È qui che entra in gioco la threat intelligence, che consente di raccogliere e contestualizzare informazioni utili a concentrare l’arsenale di cyber security verso le minacce più pericolose per uno specifico contesto aziendale.
Un concetto che ha a che fare con le tattiche militari tradizionali, tanto che in un passaggio di “L’arte della guerra” di Sun Tzu troviamo: “Se conosci il nemico e te stesso, la tua vittoria è sicura. Se conosci te stesso ma non il nemico, le tue probabilità di vincere e perdere sono uguali. Se non conosci il nemico e nemmeno te stesso, soccomberai in ogni battaglia”.
Se Sun Tzu si fosse trovate nella nostra epoca non avrebbe avuto difficoltà a declinare questa considerazione nel ramo della threat intelligence digitale. Perché la threat intelligence è il modo con cui un’azienda può conoscere sé stessa e il nemico, andando a oliare i meccanismi di protezione sia a livello tattico, con gli Indicator of Compromise (IoC), che operativo, agendo su monitoraggio, vulnerability management e incident response.
Pochi ambiti, come la threat intelligence, hanno un’influenza su così tanti e diversificati aspetti della cyber security. Da qui, il tema dei costi.
Iniziare con la threat intelligence
La threat intelligence si affronta su vari livelli e per questo è molto scalabile. L’importante è partire, anche con poco, e imparare a inserirla nei processi aziendali. Si penserà in un secondo momento, semmai, a espanderla. La buona notizia è che un approccio soft con la threat intelligence (che però non significa “fare threat intelligence”) ha costi davvero ridotti.
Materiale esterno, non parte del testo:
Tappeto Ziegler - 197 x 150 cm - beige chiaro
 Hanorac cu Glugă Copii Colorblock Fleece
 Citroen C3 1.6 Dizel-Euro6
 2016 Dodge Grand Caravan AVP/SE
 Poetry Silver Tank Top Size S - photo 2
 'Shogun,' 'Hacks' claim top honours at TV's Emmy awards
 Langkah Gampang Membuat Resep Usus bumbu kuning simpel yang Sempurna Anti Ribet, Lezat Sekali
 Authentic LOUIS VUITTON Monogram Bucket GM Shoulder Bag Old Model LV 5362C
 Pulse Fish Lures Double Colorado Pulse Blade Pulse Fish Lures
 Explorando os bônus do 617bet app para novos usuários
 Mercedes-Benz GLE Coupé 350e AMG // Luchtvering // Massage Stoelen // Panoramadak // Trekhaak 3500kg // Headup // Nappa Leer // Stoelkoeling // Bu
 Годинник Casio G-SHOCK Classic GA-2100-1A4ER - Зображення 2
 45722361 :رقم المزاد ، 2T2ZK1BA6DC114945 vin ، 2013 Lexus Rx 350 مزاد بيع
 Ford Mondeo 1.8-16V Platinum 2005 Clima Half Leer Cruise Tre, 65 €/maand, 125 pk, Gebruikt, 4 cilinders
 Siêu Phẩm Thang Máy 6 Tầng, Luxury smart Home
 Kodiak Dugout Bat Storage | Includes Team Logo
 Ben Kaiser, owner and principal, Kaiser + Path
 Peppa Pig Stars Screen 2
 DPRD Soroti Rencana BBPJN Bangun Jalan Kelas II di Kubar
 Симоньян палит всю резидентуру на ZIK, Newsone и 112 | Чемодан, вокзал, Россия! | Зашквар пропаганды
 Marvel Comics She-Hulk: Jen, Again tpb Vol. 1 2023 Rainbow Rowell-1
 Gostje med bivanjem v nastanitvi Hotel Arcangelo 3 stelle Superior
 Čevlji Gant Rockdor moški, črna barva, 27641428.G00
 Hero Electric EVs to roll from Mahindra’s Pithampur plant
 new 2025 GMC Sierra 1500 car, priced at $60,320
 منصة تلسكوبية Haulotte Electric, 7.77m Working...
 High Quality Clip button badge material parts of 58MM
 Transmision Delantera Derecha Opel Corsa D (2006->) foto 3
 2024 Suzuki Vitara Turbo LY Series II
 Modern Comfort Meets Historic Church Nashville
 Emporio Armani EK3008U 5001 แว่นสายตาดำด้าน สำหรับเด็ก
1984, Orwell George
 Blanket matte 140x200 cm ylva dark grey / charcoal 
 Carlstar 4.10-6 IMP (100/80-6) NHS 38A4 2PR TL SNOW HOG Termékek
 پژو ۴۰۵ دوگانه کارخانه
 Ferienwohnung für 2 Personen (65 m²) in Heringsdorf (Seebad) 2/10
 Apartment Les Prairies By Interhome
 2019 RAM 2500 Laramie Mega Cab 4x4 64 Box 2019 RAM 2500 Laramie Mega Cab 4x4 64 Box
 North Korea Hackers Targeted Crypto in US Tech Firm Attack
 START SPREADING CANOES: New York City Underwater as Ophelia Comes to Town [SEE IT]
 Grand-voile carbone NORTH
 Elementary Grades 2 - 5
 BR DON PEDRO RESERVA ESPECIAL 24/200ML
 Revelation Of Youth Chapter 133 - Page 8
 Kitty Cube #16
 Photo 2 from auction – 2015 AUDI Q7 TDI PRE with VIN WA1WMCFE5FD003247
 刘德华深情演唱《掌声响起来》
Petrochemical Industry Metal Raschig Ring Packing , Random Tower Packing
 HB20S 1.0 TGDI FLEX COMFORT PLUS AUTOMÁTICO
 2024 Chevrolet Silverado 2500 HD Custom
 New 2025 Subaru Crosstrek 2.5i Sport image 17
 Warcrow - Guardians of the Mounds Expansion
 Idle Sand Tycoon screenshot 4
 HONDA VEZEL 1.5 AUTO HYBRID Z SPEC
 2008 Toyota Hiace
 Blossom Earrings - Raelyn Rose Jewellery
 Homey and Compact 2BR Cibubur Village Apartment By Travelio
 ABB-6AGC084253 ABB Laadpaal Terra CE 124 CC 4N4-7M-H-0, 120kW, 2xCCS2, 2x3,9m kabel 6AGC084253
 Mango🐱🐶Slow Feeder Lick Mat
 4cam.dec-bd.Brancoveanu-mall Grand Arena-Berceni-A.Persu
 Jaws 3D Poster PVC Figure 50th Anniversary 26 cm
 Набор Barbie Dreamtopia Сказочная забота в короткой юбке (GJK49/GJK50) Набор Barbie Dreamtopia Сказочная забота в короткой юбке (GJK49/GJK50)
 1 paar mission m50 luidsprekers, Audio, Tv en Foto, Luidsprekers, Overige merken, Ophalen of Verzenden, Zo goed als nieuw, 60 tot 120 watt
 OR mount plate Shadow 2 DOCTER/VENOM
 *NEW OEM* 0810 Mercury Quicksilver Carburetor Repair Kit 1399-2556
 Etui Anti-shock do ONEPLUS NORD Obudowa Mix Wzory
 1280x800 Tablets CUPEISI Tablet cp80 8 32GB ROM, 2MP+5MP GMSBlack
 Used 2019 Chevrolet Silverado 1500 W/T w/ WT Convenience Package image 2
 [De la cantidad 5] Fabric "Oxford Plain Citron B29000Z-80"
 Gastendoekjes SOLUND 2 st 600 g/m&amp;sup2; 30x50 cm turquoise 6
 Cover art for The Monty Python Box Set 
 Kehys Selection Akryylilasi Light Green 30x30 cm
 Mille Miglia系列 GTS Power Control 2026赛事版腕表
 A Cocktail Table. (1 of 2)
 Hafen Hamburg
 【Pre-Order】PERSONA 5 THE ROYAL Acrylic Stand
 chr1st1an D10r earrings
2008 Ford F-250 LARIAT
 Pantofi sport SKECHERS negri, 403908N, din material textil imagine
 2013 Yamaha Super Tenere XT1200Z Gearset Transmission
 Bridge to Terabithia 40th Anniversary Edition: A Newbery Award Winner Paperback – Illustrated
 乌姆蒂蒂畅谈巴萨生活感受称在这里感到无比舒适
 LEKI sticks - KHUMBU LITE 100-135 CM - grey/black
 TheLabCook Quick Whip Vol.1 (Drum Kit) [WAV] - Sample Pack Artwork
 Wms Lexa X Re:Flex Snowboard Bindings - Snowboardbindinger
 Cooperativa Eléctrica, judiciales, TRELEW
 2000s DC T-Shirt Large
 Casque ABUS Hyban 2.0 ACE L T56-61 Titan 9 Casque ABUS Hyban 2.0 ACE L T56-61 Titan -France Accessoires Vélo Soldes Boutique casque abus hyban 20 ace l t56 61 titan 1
Un ottimo punto di partenza è la piattaforma ATT&CK del MITRE. Si tratta di un un insieme di servizi che aiutano a classificare e analizzare le minacce al fine di ottenere informazioni con cui alimentare il proprio sistema di threat intelligence, e pianificare le strategie di cyber security.
Un approccio che per molte aziende e professionisti rappresenta una novità da cui, fin a oggi, si sono tenuti alla larga. E se la famosa “matrice”, vale a dire il meraviglioso schema di classificazione che è un po’ il cuore dai ATT&CK, può spaventare chi è a digiuno dell’argomento, ecco che ci sono esempi molto pratici coi quali salta subito all’occhio l’importanza della threat intelligence. Come un bel post di Mandiant, che è un rapporto sviluppato sui precetti della matrice e che si conclude con un elenco di IoC rilevati.
Threat intelligence a basso costo
Del resto, il sito di ATT&CK è pieno zeppo di utili informazioni per partire col piede giusto. E partire col piede giusto, in questo settore, significa soprattutto imparare a scegliere le fonti, raccogliere i dati giusti e classificarli come si conviene.
Perché di dati da raccogliere, poi, ce ne sono a bizzeffe e il vero problema diventa proprio saperli scremare. Ce ne rendiamo conto spolliciando con Pulsedive, una community dedicata a diffondere una threat intelligence aperta, facile e versatile. Superate le perplessità iniziali con questo approccio morbido, si è quindi pronti per consultare e scegliere tra tante altre fonti.
Col passare del tempo si comprenderà se la threat intelligence può essere gestita con un approccio abbastanza manuale, o se invece sarà il caso di affidarsi a tool e competenze più strutturate. Nel frattempo, tuttavia, si sarà capito come oggi non possiamo più fare a meno della threat intelligence.